Les éléments explicatifs sont l’isolement historique et l’identification des citoyens à la région sinon à la localité, à base de valeurs fondées sur la religion et la langue, sur l’absence de très grandes entreprises étrangères, sur la force des réseaux familiaux étendus, sur une culture entrepreneuriale forte et une industrialisation diffuse dans des centaines de petites entreprises travaillant comme donneurs d’ordre ou en sous-traitance, sur la méfiance vis-à-vis de l’État et des syndicats et sur des ententes sociales pour résoudre les crises. Cela crée une combinaison particulière de ressources de toutes sortes et une atmosphère industrielle particulièrement efficace. Cela donne toutefois une culture profondément conservatrice par laquelle l’identité régionale et les règles locales sont dominées par les entrepreneurs parce que les salariés y voient aussi leur avantage. Cela entraîne des comportements collectifs comme la mobilisation en cas de catastrophe ou encore la réaction face à l’envahissement des investissements étrangers. Dans cette structuration, des leaders comme Édouard Lacroix, mais aussi Rosa-Anne Giroux-Vachon, Robert Dutil ou les Dionne, et leurs clans, forts de leurs compétences et de leurs succès, se distinguent, entraînent d’autres entrepreneurs par mimétisme, et jouent donc un rôle clé dans le développement du capital social facilitant la création de petites entreprises. Des têtes fortes, comme Robert Cliche ou le docteur Ferron et ses deux soeurs, sont bien acceptées à condition que leurs idées de gauche ne perturbent pas le contrôle des élites économiques.

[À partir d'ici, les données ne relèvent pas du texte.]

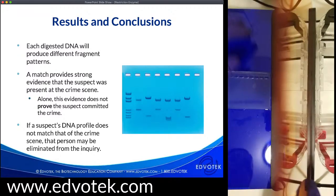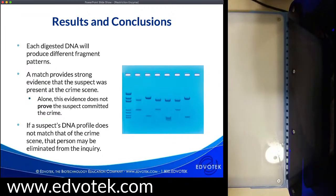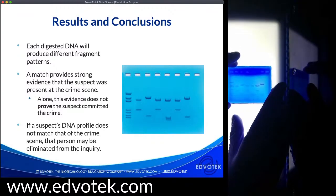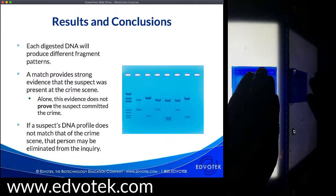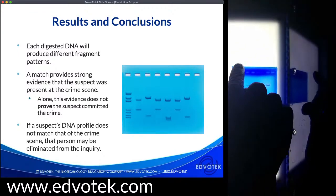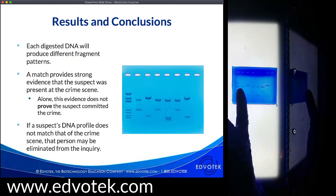Let me bring the other gel in. The nice thing about the True Blue 2 is that it has the white light feature as well. Now using the white light feature, we can see the Flash Blue-stained gel has dark blue bands on a lighter blue background, and we see that same banding pattern as before. This gel actually ran better — part of the reason some of those bands were a little fuzzy was because I didn't get all the sample in the wells, but you could still see a really strong signal. Here is our crime scene DNA, suspect one, suspect two, and that suspect two DNA profile matches up where suspect one doesn't — and the banding patterns are different between people.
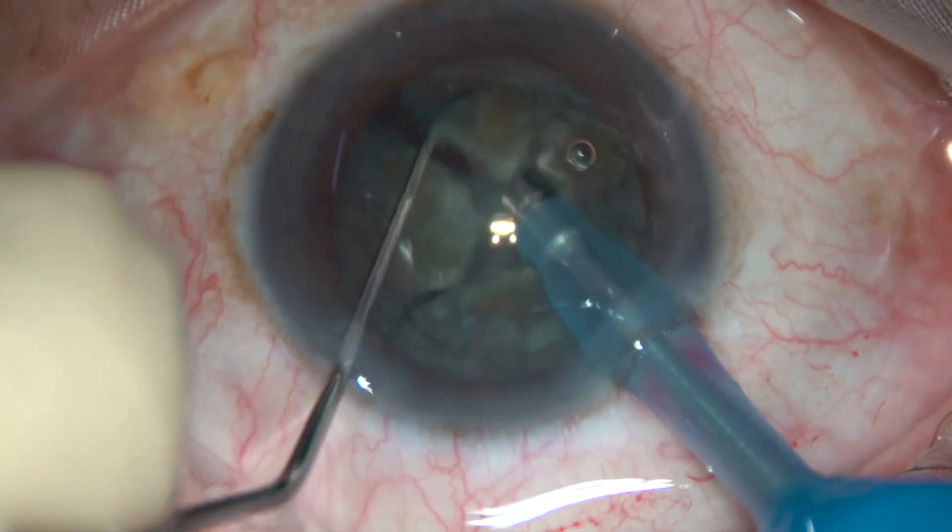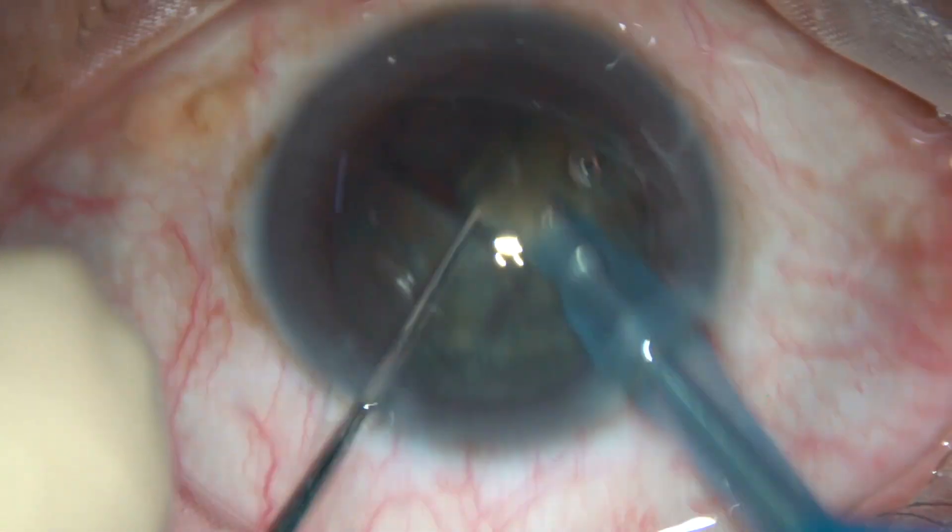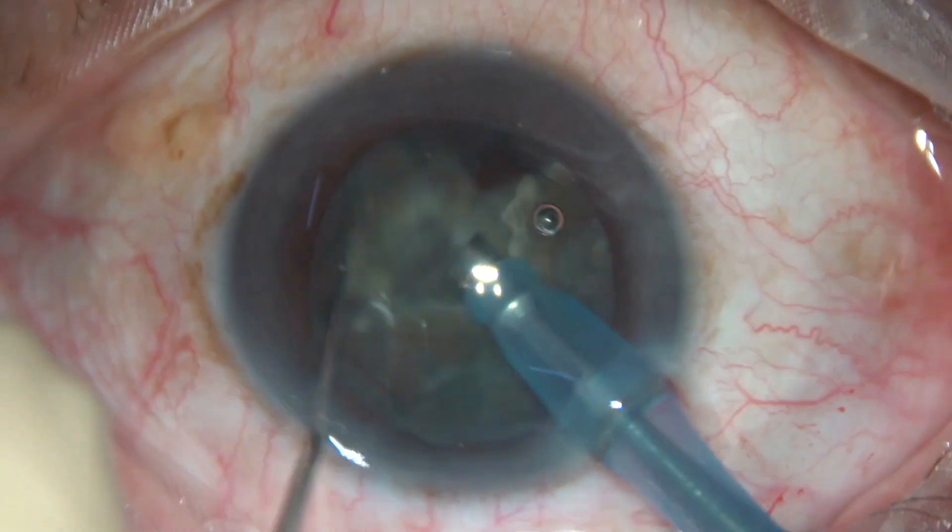So the nucleus is divided into four parts. Now each fragment is emulsified and removed.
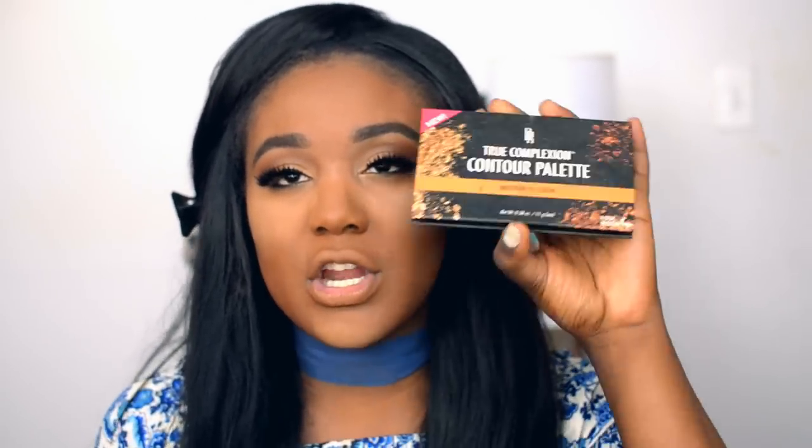While I'm baking, I'm going to go back in with this Black Radiance True Complexion Contour Palette — medium to dark — the same palette we used on our eyes. We're going to use a contour shade right here to help bronze up the skin. I feel like there's a stigma that women of color can't bronze and add color to the skin, which is crazy. I think I've really crushed that stigma. I like that it's a little bit warmer — it's like a warm contour shade that adds color to the skin.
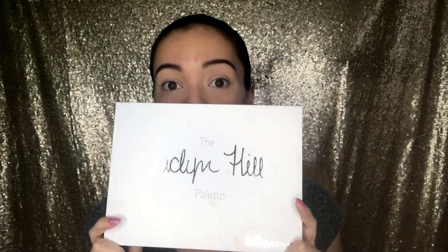Today we're going to create a second look with the Jaclyn Hill Morphe palette. If you haven't seen my first video, I created a pink lemonade type look, and I will link that in the description box below. Today is going to be more of a bold look. I may do three videos of my three favorite looks. I actually created three other looks using this palette and I really love it — this palette has such variety in it.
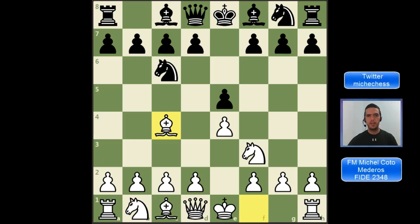Hey guys, this is Fidemaster Michel. Today we are going to learn how to play the Italian Game. This is a very good opening, one of my favorites for beginners, and at the same time it is so strong that even at the elite level they play it very often. Keep watching.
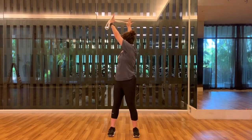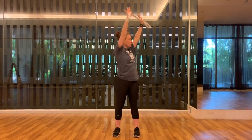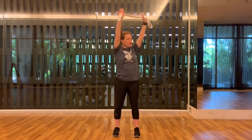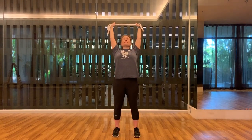Roll your shoulders back and round for me. Then take the strap to the top. We're reaching up this time as we do a little twist, one side and then the other. Keep your feet planted on the ground, toes pointing straight forward. Breathe. Stay here in the center, lean back again, and release.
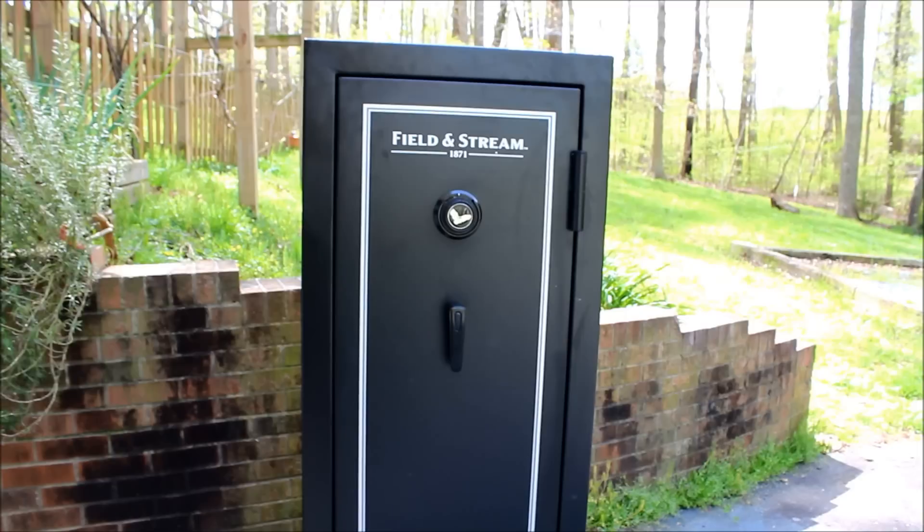I have valuables other than guns and I don't even have enough guns to fill this up. But between ammo and other valuables, it's about the right size for me and I'll be able to stick it in my basement up against a brick wall — it will be a pretty safe and secure location for all my stuff.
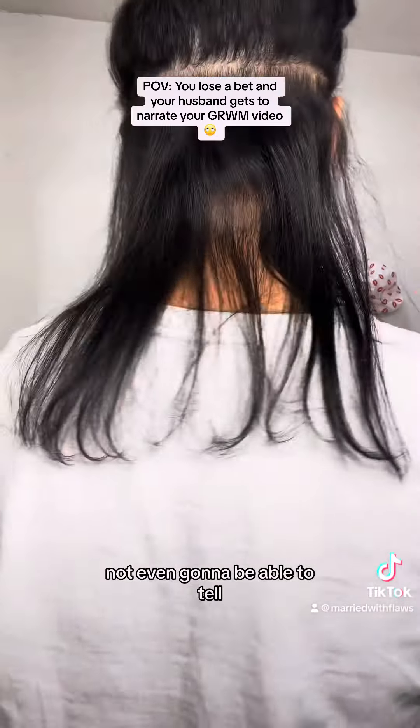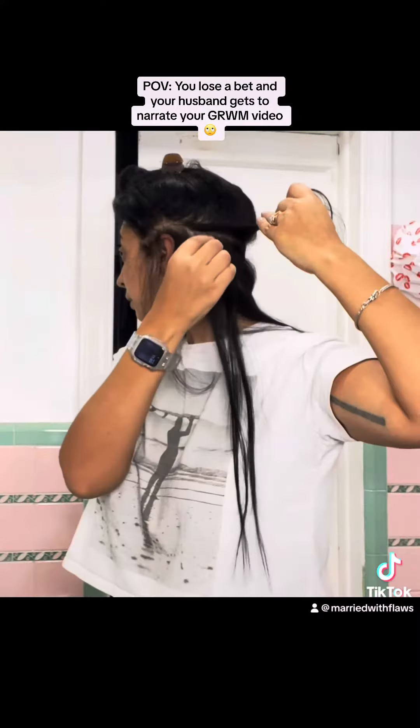Not even going to be able to tell. Not even going to be able to tell at all. Check out my gym teacher mullet. Looks nice, right?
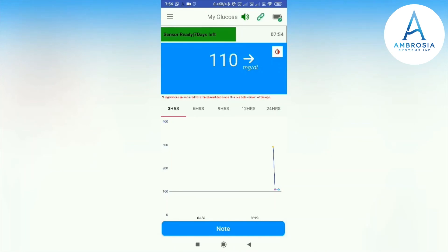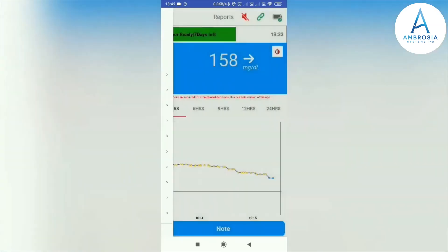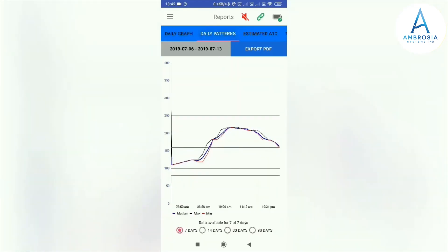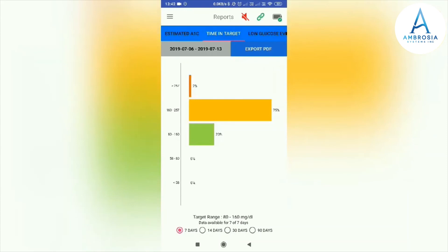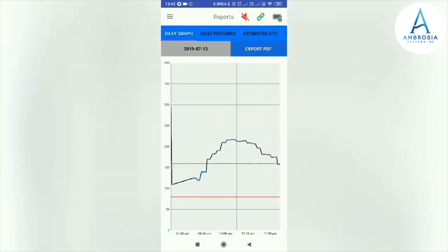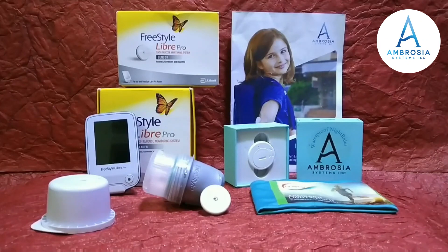This is the main dashboard screen of the LinkBlueCon app, showing your glucose level every 5 minutes. Moving to the reporting section — this shows the daily pattern of your glucose level. This is your estimated A1C level, time in range, and the maximum time your glucose is within range over a period. This graph shows low glucose events. If you want to export your report as a PDF, you can send it to your email by clicking Export. This is how you can convert your Freestyle Libre Pro flash glucose monitor to a CGM using the Ambrosia BlueCon Night Rider and LinkBlueCon app.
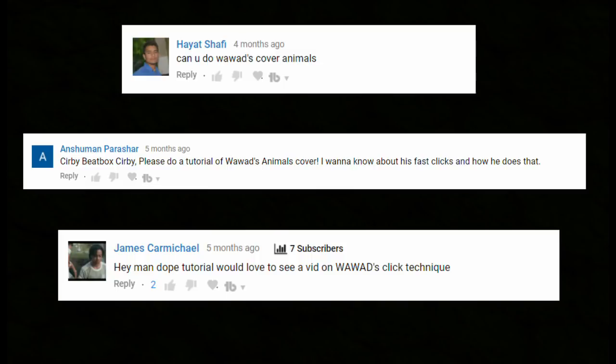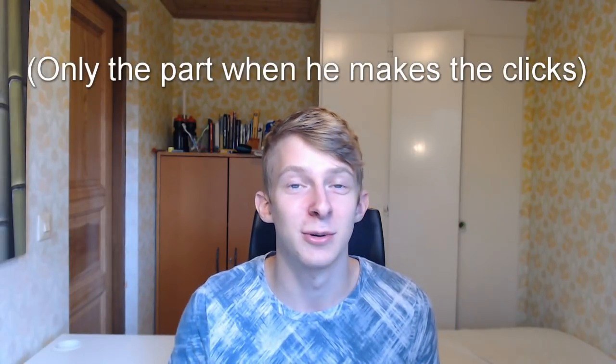Hey man, dope tutorial — would love to see a vid on Wawad's click technique. So when I went to that video where Wawad makes the cover on Animals, I saw that a lot of comments were saying how could he make such a pronounced and powerful click sound. That's why we're gonna cover that today. I have the Animals cover linked below so you can hear how he does the click sounds.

Cette culture est axée sur des industries traditionnelles à faible innovation, évoluant par apprentissage collectif, comme ce fut le cas à Saint-Joseph avec la Glendale Mobile Home qui a permis à de nombreux cadres de comprendre les rudiments de gestion au contact des anglophones, pour finir par partir leur propre entreprise. Palard explique le long processus de socialisation collective basée sur la tradition et la circularité, le territoire agissant sur les citoyens et réagissant à leurs actions, menée par les leaders, favorisant le changement dans la permanence ou par homéostasie, mais finalement produisant des emplois et de la richesse individuelle et collective, la réussite économique incontestable amenuisant toute contestation. C’est le miracle beauceron avec un chômage inférieur à la moyenne québécoise, la multiplication de nouvelles entreprises, le passage de certaines d’entre elles de petites à grandes et ainsi une industrialisation diffuse et constante.

Pourtant, comme l’explique à la fin Palard, le futur n’est pas assuré pour autant. Les jeunes continuent à s’expatrier et la population vieillit. La région a le record des suicides au Québec. La sous-scolarisation se perpétue. Les arts et la culture se portent toujours aussi mal. La discrimination systématique, notamment entre les hommes et les femmes (avec, par exemple, un écart de 43 % dans les salaires), ne semble pas s’atténuer. Le virage technologique et l’innovation systématique sont ardus sinon freinés tant par les idées conservatrices que par le besoin de contrôle, mais aussi par cette sous-scolarisation. Alors que l’innovation doit venir du plus grand nombre impliqué et bien formé. Ce qui suppose de la formation continue et la participation aux décisions, évolution qui peut très bien remettre en question les anciennes hiérarchies et les normes traditionnelles. Bref, cet ouvrage de Palard est non seulement à lire et à méditer, mais il permet de mieux comprendre le développement et l’entrepreneuriat régional dans d’autres régions pour soutenir par la suite leur action.